C. LA LOI N° 92-125 DU 6 FÉVRIER 1992 RELATIVE À L'ADMINISTRATION TERRITORIALE DE LA RÉPUBLIQUE : VERS UNE CONSOLIDATION JURIDIQUE
La coopération décentralisée n'a cessé de se développer, allant au-delà de ce que prévoyaient les textes. Tirant les conséquences pragmatiques de la situation, la loi n° 92-125 du 6 février 1992 relative à l'administration territoriale de la République consacre l'ensemble de son titre IV à la coopération décentralisée.
L'article 131 de cette loi autorise « les collectivités territoriales et leurs groupements [à] conclure des conventions avec des collectivités territoriales étrangères et leurs groupements, dans les limites de leurs compétences et dans le respect des engagements internationaux de la France » .
Comme le soulignent les conclusions de l'étude conduite par le groupe d'amitié France-Arménie du Sénat 6 ( * ) , cette loi permet, d'une part, à l'ensemble des collectivités territoriales de mener des actions de coopération et, d'autre part, élargit les zones concernées, qui ne se limitent plus désormais aux seules régions transfrontalières .
Toutefois, ces nouvelles possibilités restent encadrées afin de respecter les prérogatives étatiques :
• les actions de coopération ne peuvent intervenir que dans les domaines de compétences propres aux collectivités décentralisées . La coopération décentralisée constitue donc une modalité particulière de l'exercice des compétences des collectivités territoriales et non une compétence nouvelle. De même, comme le souligne la circulaire du 26 mai 1994, « les groupements ne peuvent exercer une action avec des collectivités territoriales étrangères ou leurs groupements que dans le strict cadre des compétences qui leur ont été transférées. Inversement, si une collectivité territoriale, qui a transféré une compétence à un groupement souhaite mener une action de coopération décentralisée ressortissant de cette compétence, cette action devra être conduite par le canal du groupement » ;
• elles ne peuvent conclure d'accord de coopération avec un Etat étranger ou des organisations internationales ;
• les collectivités territoriales doivent respecter les engagements internationaux de la France.

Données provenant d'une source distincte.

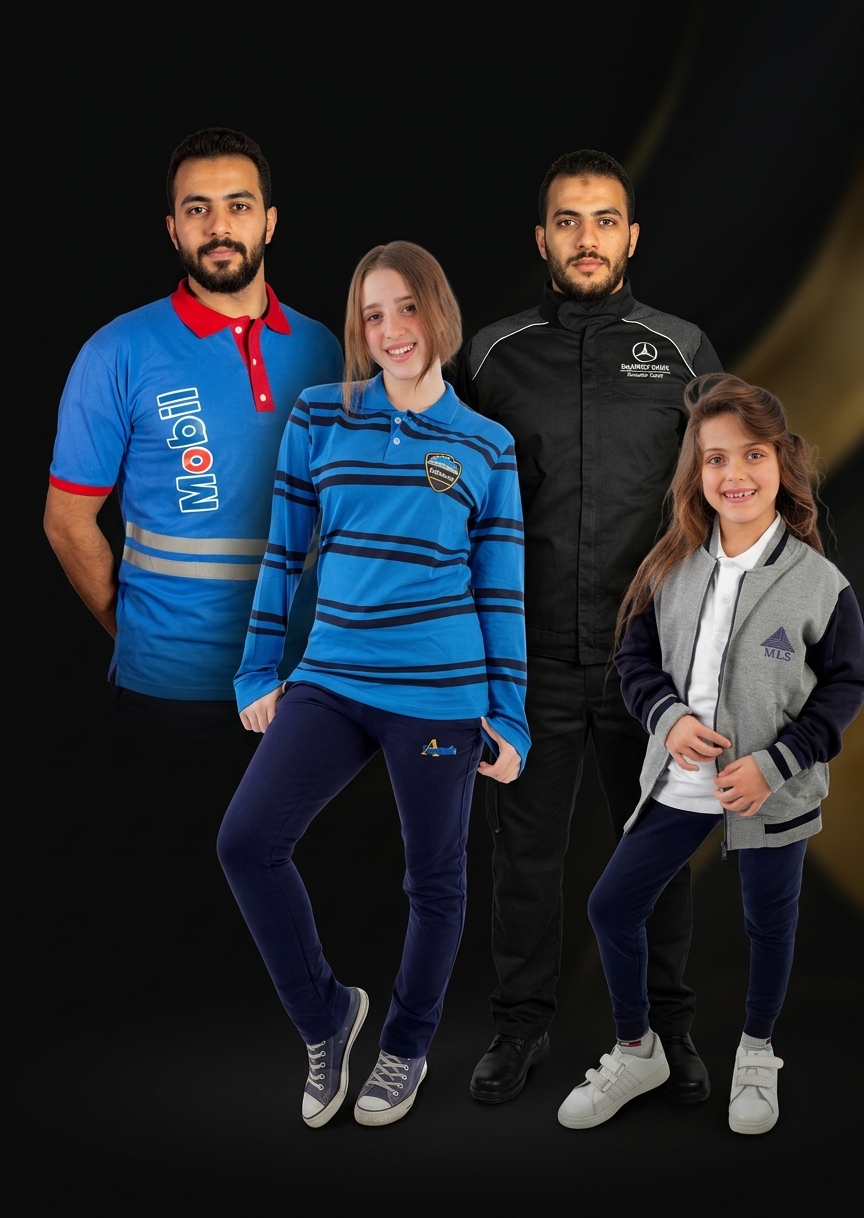 Generated Image March 24, 2026 - 11_10PM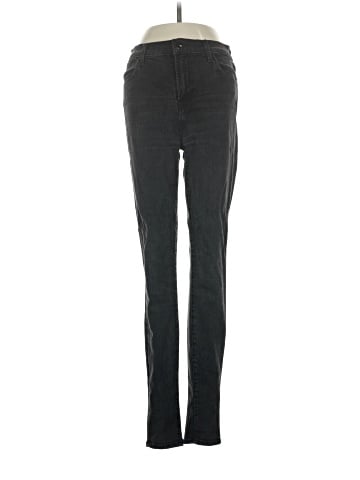 J Brand Jeggings (view 1)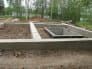 lentochnyi-fundament-62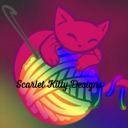 scarletkitty-designs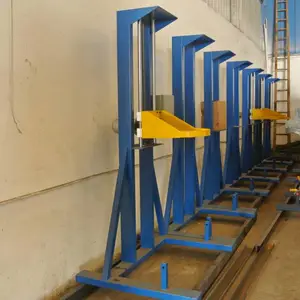 3kw����Ϳ�Ͻ���� �߼���Һ���ɢ�� ��Ƶ������ɢ���������� һ̨Ҳ��***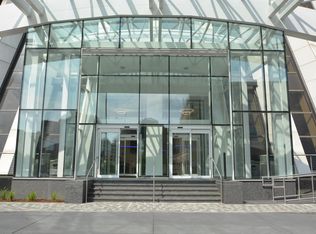 1 S Clinton Ave APT 2004, Rochester, NY 14604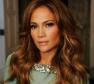 Jennifer Lopez Photo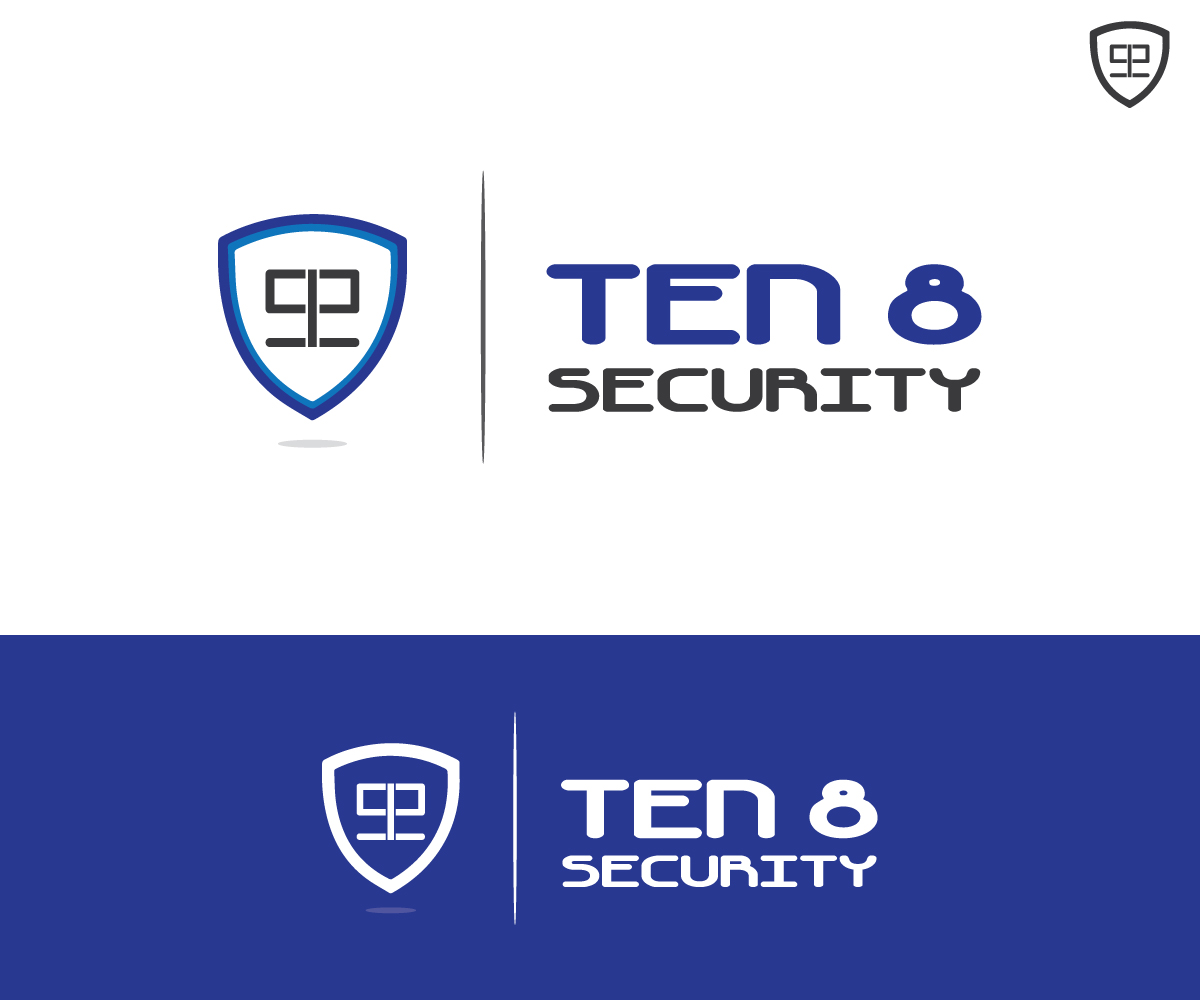Logo Design by AHMMY for this project | Design #6087701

La circulaire de 1994 rappelle aussi les principes généraux applicables à ces conventions. Ces dernières ne doivent entre autres pas porter atteinte :
- au principe d'indivisibilité de la République et de la souveraineté nationale ;
- aux intérêts nationaux et à la cohérence de la politique étrangère dont la responsabilité incombe au Président de la République et au Premier ministre ;
- au principe de spécialité : une coopération décentralisée ne doit pas interférer avec les compétences des autres collectivités territoriales du fait d'une convention de coopération décentralisée.
Afin de s'assurer du respect de ces dispositions, les conventions, comme tout acte des collectivités territoriales, sont soumises au contrôle de légalité. D'autre part, l'article 134 de cette même loi institue une commission chargée d'établir et de tenir à jour un état de la coopération décentralisée et de formuler toute proposition tendant à renforcer celle-ci. Le titre IV de la loi de 1992 concilie ainsi la coopération décentralisée et l'indivisibilité de l'Etat et son monopole en matière de diplomatie .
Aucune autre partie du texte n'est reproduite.